Dairy and cotton were addressed in the early February budget compromise in a way that will not affect funding available for the Farm Bill, so we actually head into the spring with a good deal of momentum. And we are all going to need it, because the Farm Bill can be a nail biter at times.
I believe our expectations are completely realistic. The root of many issues within this legislation — or most agriculture laws and regulations in general — stems from a lack of understanding. We all know how far most Americans are removed from their food and where and how it is grown. It’s not just children who may think hamburgers “come from McDonalds.” Do you think every member of Congress has been to a rice farm? That they know what you are doing? The challenges you face?
Intellectually many of them do. But reading about it and seeing it are not the same thing. And I know you can appreciate that.
This is why it is so important that we head into the Farm Bill season with clearly delineated goals and objectives, and concise messages that are backed by facts and science. I think our policy committees have done an excellent job once again getting us ready for the challenges ahead, and I commend them for their work, dedication and foresight. With that, I will share some of the guiding principles they have established for our industry.
Goals and objectives
First, we would like lawmakers to recognize that the Farm Bill is more than four times as effective at reducing the deficit as it was projected to be. Overall Farm Bill funding must be protected, and the new legislation should cover a period of not less than five years to provide as much certainty as possible as you make your plans.
It is vital the bill includes a viable counter-cyclical price protection program with a statutorily set price floor. And price loss coverage, or PLC, would be more effective if delivered sooner than the current program structure allows, perhaps through partial or advanced payments based on estimated payments.
“Actively engaged in farming” regulations are arbitrary and overly burdensome. They should be simplified, adding common sense and a dose of reality to make Title I support available to all farms regardless of size or structure.
We all know rice tells perhaps the greatest agricultural conservation story. As such, the Conservation Title of the Farm Bill is important. We would like to keep funding intact, especially for the working lands programs.

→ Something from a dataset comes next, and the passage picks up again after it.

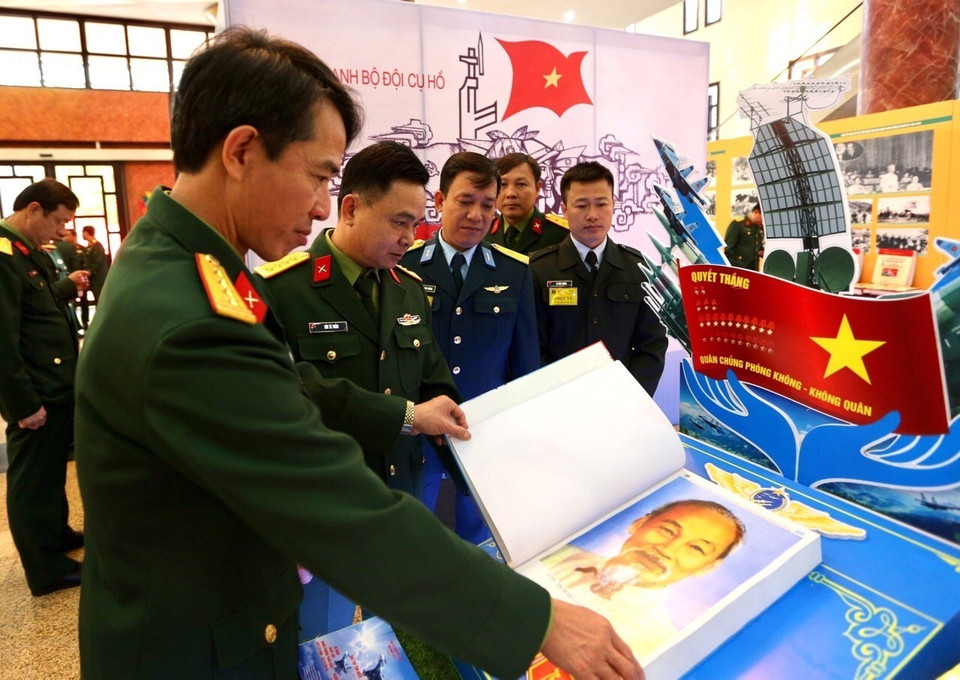 Các đại biểu tham quan trưng bày bài dự thi tìm hiểu 30 năm Ngày hội Quốc phòng toàn dân và 75 năm Ngày thành lập Quân đội nhân dân Việt Nam. (Ảnh: Dương Giang/TTXVN)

We’re also seeking assurances that the Conservation Stewardship Program remains incentive based and is not transformed into a cost-share program similar to the Environmental Quality Incentive Program. We also want to ensure the Regional
Conservation Partnership Program is fully funded and that any changes do not adversely affect the rice industry.
We know crop insurance is still not quite there for rice. So we’re directing U.S. Department of Agriculture’s Risk Management Agency to develop standards that would allow conventional flooding, intermittent flooding, alternate wetting and drying (AWD), and furrow irrigation as acceptable and insurable irrigation practices.
These are just a few of our principles that we have been and will continue to share with legislators and their staff as the new Farm Bill is drafted. I believe all of these expectations are realistic, achievable and in some cases, overdue. I hope you agree and will join me in making your voice heard on these issues.